We had an interesting discussion this morning at work over coffee, about home made chum, not the kind you buy at a bait store, or just cutting up fish and throwing them overboard.. 
Some interesting ideas from dog food to cat food mixed with corn . 

What works and what does not work any good idea's ???

:beer:


----------



## Aquahollic (Sep 24, 2009)

The problem with corn is it isn't easily digestible. Fish process corn about as easy as us. The big difference is we can pass the undigested kernels easier.


----------



## HighCotton (Oct 2, 2007)

Ground Menhaden & Shrimp heads.


----------



## FishGolfDrink (Apr 19, 2011)

any available baitfish + catfood + oatmeal... if you want to make balls, add sand. I've also heard that glitter is killer in chum mix, but never tried it personally. I imagine it looks like tons of scales from fish getting shredded by toothy predators.


----------



## TheRoguePirate (Nov 3, 2011)

used to do menhaden oil (not milk) in plastic sandwhich bags with one large can of tuna fish from dollar store, one cup of cheap cat food (from dollar store) and 1/4 cup of silver glitter from craft store. freeze all the bags. when ready to use, cut the corner off a bag approx one inch and drop each one into a fish bucket over the side, as it warms and disolved it left a great slick. when out i would pull up the fish bucket, toss in another bag and drop back down.


----------



## hjorgan (Sep 30, 2007)

Saw an article about using a paint-paddle attached to a drill in a 5 gal bucket to make chum from left-over bait or netted menhaden. I'm thinking about getting one.

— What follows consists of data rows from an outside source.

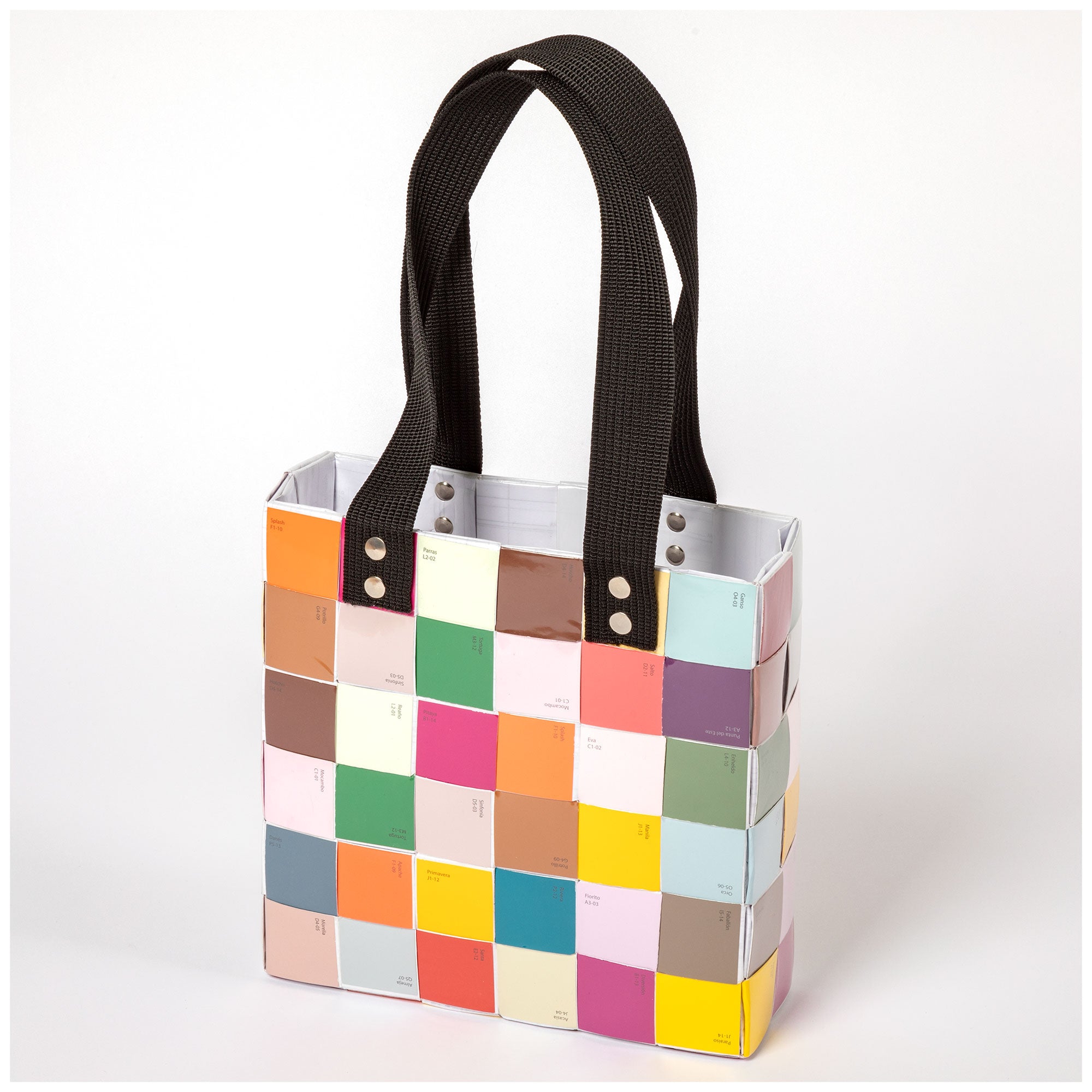 Recycled Handwoven Tote Bag - Aaria Tees Aaria Tees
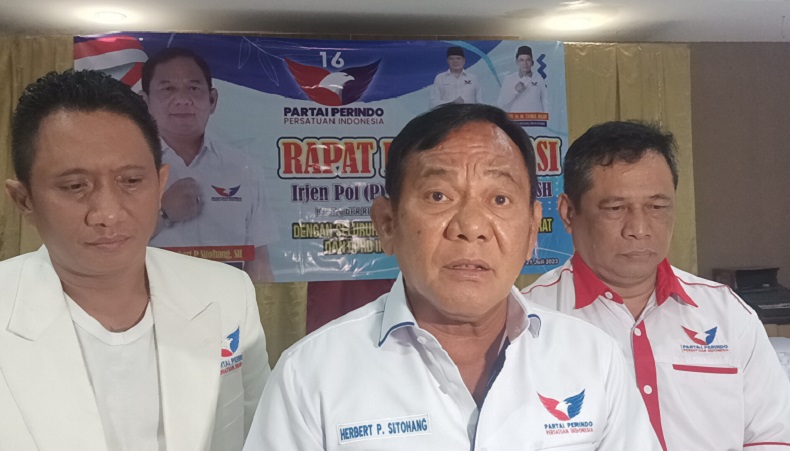Herbert P Sitohang Sebut Seluruh Bacaleg Partai Perindo di Depok-Bekasi Harus Mulai Turun Sentuh Masyarakat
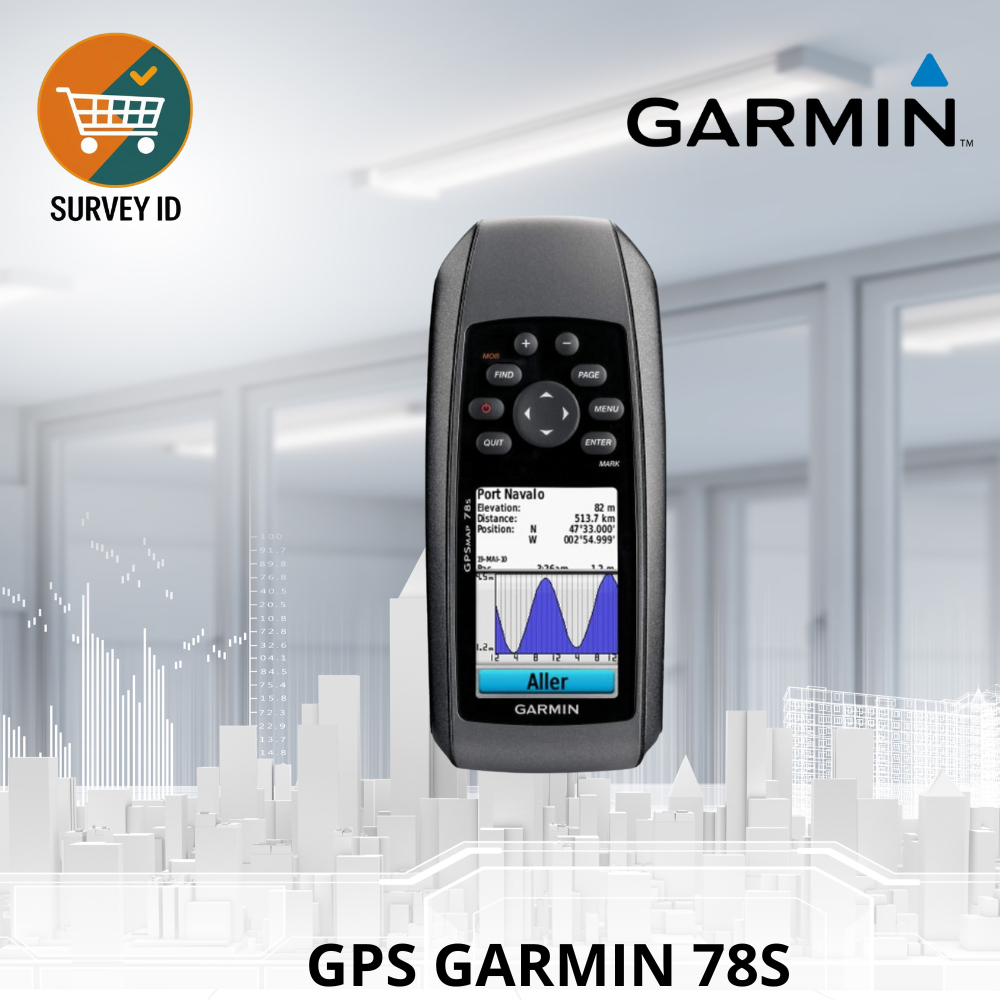 Gps Garmin 78s Bekas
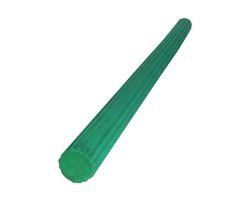 CanDo Twist Bend n' Shake bar exerciser, green (36 inches)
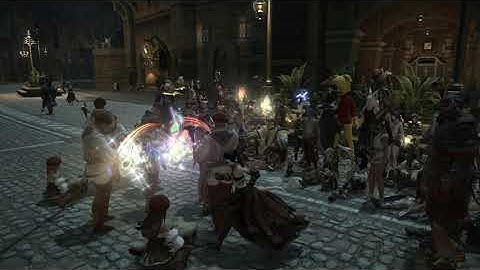 FFXIV playing Metallica: Nothing Else Matters | Final Fantasy XIV A Realm Reborn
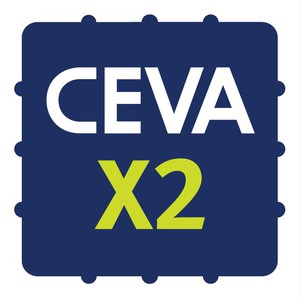 新型CEVA-X2 DSP实现高效的多重RAT PHY控制处理任务。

Of course you have to put a lid on it and poke the paddle shaft through it or you will become chum.


----------



## T2F (Jun 23, 2012)

http://www.harborfreight.com/all-purpose-mixer-41015.html

Harbor freight has mixers for 3.99


----------



## flukedaddy (Apr 11, 2009)

hjorgan said:


> Saw an article about using a paint-paddle attached to a drill in a 5 gal bucket to make chum from left-over bait or netted menhaden. I'm thinking about getting one.
> 
> Of course you have to put a lid on it and poke the paddle shaft through it or you will become chum.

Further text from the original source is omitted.